The Express On Sunday, 18 May 2008
Clare Colvin
Puccini: Tosca, London, ROH, 12 May 2008
Sparks fly in this white hot affair
TRADITIONALLY, Puccini's sex-and-violence melodrama is a star vehicle for the soprano. Tosca, after all, was a diva and the composer gave her one of the world's great arias in Vissi D'Arte. With the second revival of Jonathan Kent's gilded 2006 production, though, Cavaradossi calls the shots in German tenor Jonas Kaufmann's superlative performance.

Kaufmann set out to stun the audience and he succeeded in his first aria, Recondita Armonia, where Cavaradossi, perched high on the scaffold in the church of Sant'Andrea della Valle, compares the portrait he is working on of Mary Magdalen with his lover, Tosca.

It was a tour de force that won a storm of applause and left one wondering if he would have the energy left for the arias to come.
We needn't have worried.

Kaufmann was still in peak form for E Lucevan Le Stele, where Cavaradossi, awaiting the firing squad, reflects that he has never loved life so much before.
As to acting - he and Micaela Carosi's Tosca struck sparks as they canoodled in front of the statue of the Madonna.

This, as Puccini makes clear in his music, is a white-hot affair.

Making her Royal Opera debut, Carosi has a rich, burnished soprano, heard to full advantage in the famous Vissi D'Arte.

She is darkly petite and dramatically convincing in Tosca's jealous tiffs with her lover.
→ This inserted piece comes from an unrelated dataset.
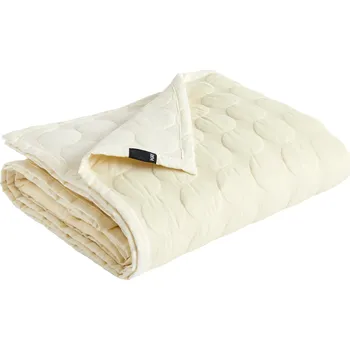Přehoz na lůžko Přehoz na postel Mega Dot (Organic), Ivory, 235 x 245 – HAY
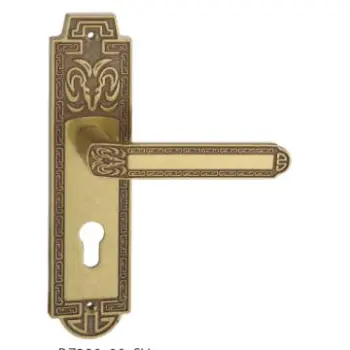 Zinc Alloy Locks mortise lock Handles (DZ290-90-SY)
As Baron Scarpia, bass baritone Paolo Gavanelli was vocally strong, though he hasn't the sheer brute power Bryn Terfel brought to the part two years ago.

Paul Brown's designs are monumental, from the glittering church of the first act, to Scarpia's dark study with its dominating blood-red statue and the third act battlements scene. A pity they take such a lot of shifting, though.

Two long intervals adding up to an extra hour lessen the dramatic tension.